2. Das „Regelbuch" (bessere Relationsextraktion)
Sobald die Verdächtigen gefunden sind, muss das System die Punkte verbinden.
- Das Upgrade: Sie schufen eine spezifische Domänenontologie. Stellen Sie sich dies als ein strenges Regelbuch oder ein Flussdiagramm vor, das besagt: „Ein Hacker verwendet ein Werkzeug" oder „Ein Werkzeug zielt auf einen Computer ab".
- Wie es hilft: Selbst wenn die KI ein wenig verwirrt ist, fungiert das Regelbuch als Schiedsrichter. Wenn die KI versucht zu sagen, dass ein „Computer" in einer Weise mit einem „Datum" „assoziiert" ist, die keinen Sinn ergibt, korrigiert das Regelbuch dies. Dies stellt sicher, dass die Verbindungen (Relationen) logisch und genau sind.
- Das Ergebnis: Dies verbesserte die Genauigkeit des Verbindens der Punkte um bis zu 8 %.
3. Der „Trainingsplatz" (neue Daten)
Um ihre neuen Detektiven zu unterrichten, verwendeten die Autoren nicht nur alte, unordentliche Daten. Sie erstellten einen neuen, supersauberen Trainingsdatensatz namens DNRTI-AUG-STIX2.
- Sie nahmen bestehende Berichte und fügten mehr Beispiele für seltene Arten von Hackern und Werkzeugen hinzu (Daten-Augmentierung), damit die KI nicht durch Dinge verwirrt wurde, die sie noch nie gesehen hatte.
- Sie verschmolzen auch ähnliche Kategorien (wie verschiedene Arten von Hash-Codes), um den Lernprozess zu glätten.
Die Ergebnisse: Ein schärferes Bild
Die Autoren testeten ihr neues System mit diesen neuen Datensätzen gegen die alten.
- Die Punktzahl: Ihr neues System erzielte auf einer Skala von 0 bis 1 signifikant höhere Werte (insbesondere eine Verbesserung der F1-Werte um 3–4 % beim Finden von Namen und bis zu 8 % beim Finden von Verbindungen).
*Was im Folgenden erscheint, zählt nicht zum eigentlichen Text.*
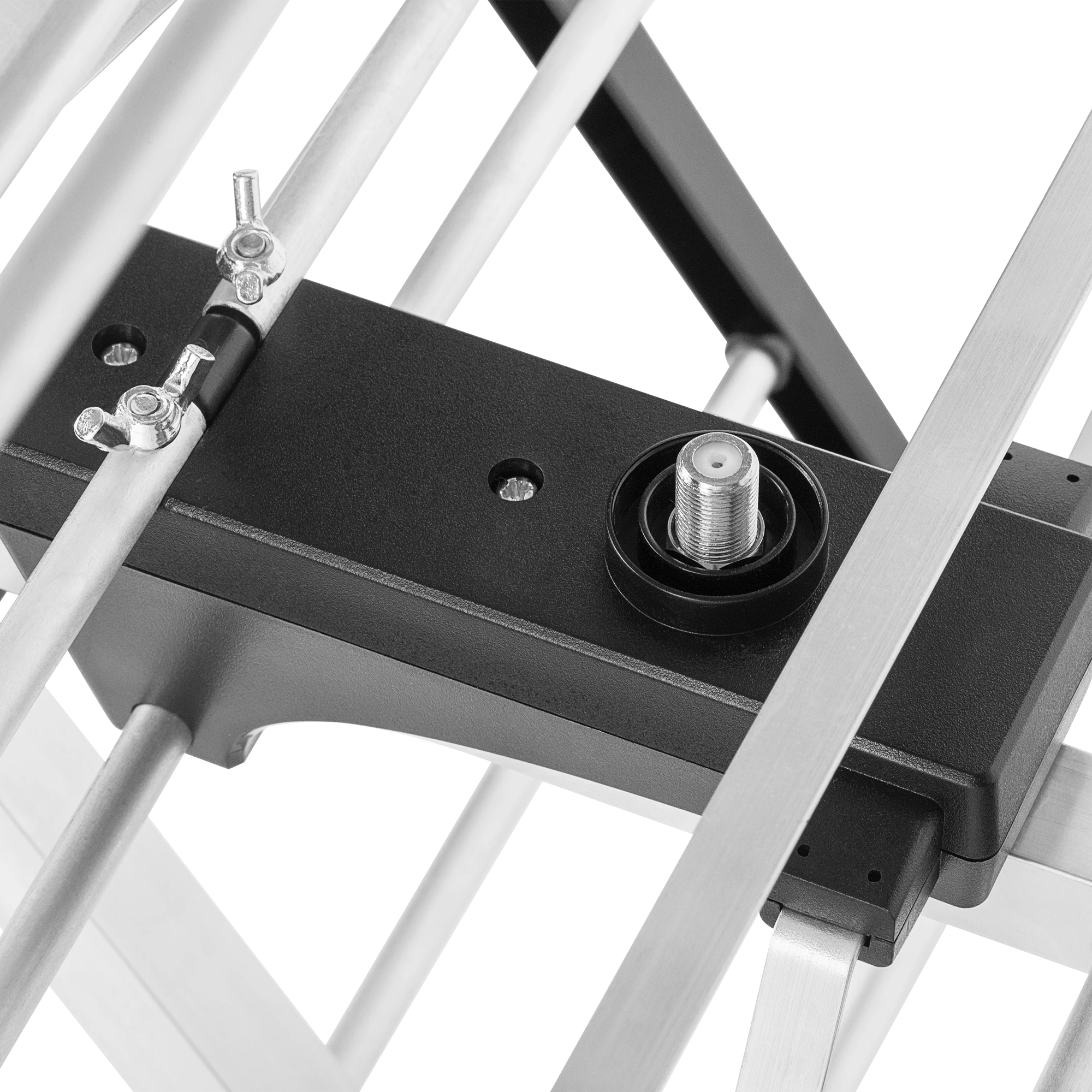 Aktyvi kryptinė TV antena "Yagi" tipas Cabletech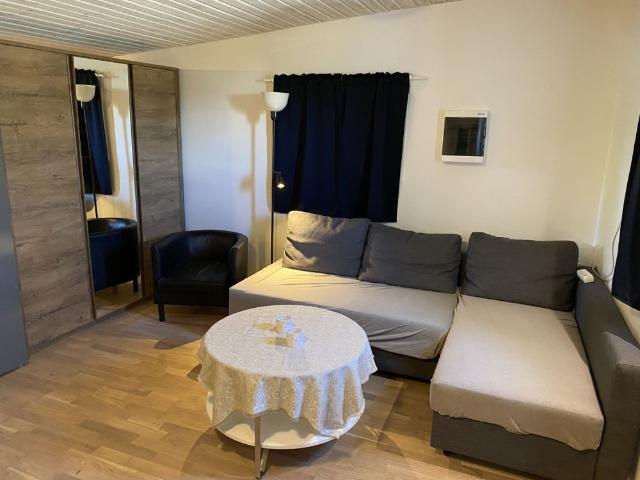 Nyponvägen, Färjestaden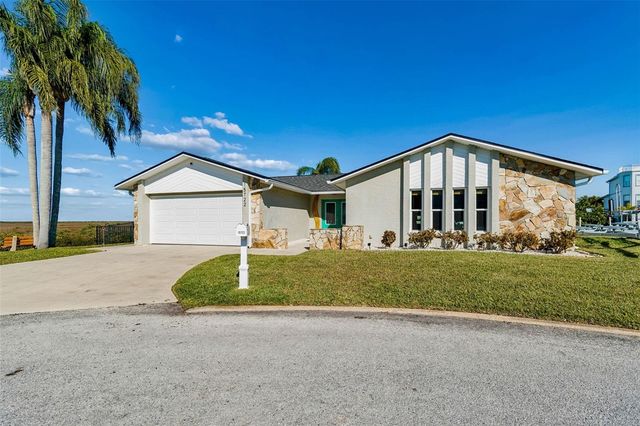 15722 DONZI DRIVE, Hudson, FL 34667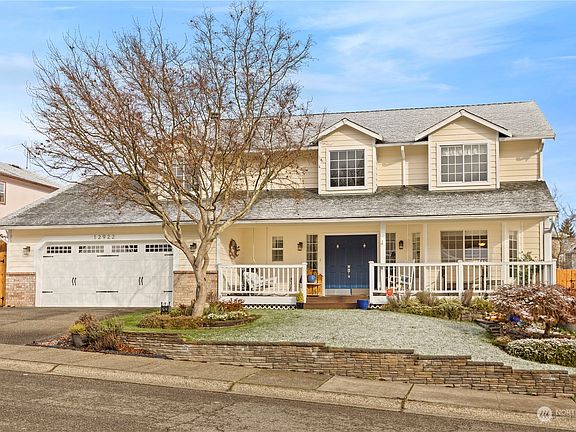 3rd image of 12922 SE 217th Place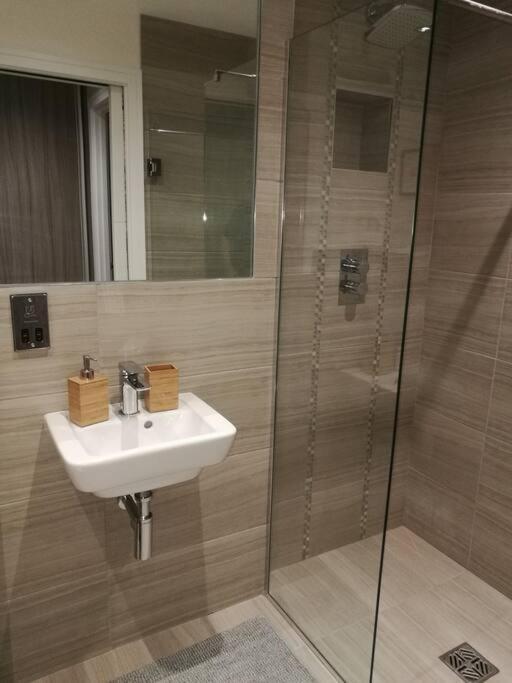 21 The Cocoa Suites Йорк Экстерьер фото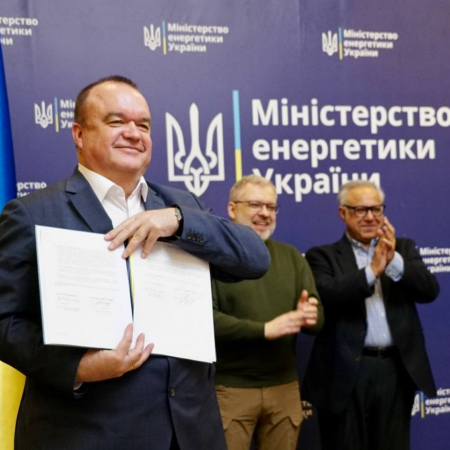 «Енергоатом» та виробник ядерних реакторів «Holtec International» підписали угоду про побудову в Україні до 20 малих модульних реакторів SMR-160
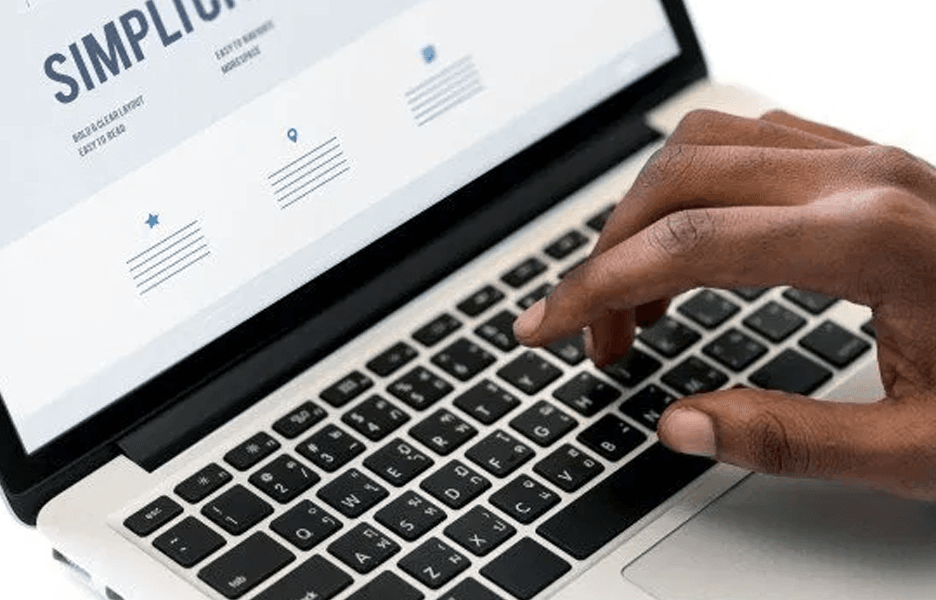 Governo federal lança pesquisa para servidores opinarem sobre retorno ao trabalho presencial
- Der Beweis: Sie testeten es nicht nur auf einer Art von Bericht; sie testeten es auf drei verschiedenen Datensätzen (DNRTI-AUG-STIX2, DNRTI und STUCCO), um zu beweisen, dass es funktioniert, egal welche Art von Cyber-Bericht es liest.
Das Fazit
Dieser Artikel behauptet nicht, Hacker aufzuhalten oder die Zukunft vorherzusagen. Stattdessen behauptet er, ein besseres Werkzeug für Sicherheitsexperten gebaut zu haben. Indem sie die Fehler der „Fließbandanlage" behoben und die KI lehrten, „Hacker" zu sprechen, schufen sie ein System, das unordentlichen Text in eine klare, zuverlässige Karte von Cyberbedrohungen verwandelt. Diese Karte hilft Sicherheitsteams, schnellere und fundiertere Entscheidungen zu treffen, da die Informationen genau und leicht abfragbar sind.
Die Autoren haben ihre neuen „Trainingsdaten" und „Regelbücher" auch auf GitHub geteilt, damit andere Forscher sie verwenden können, um noch bessere Systeme zu erstellen.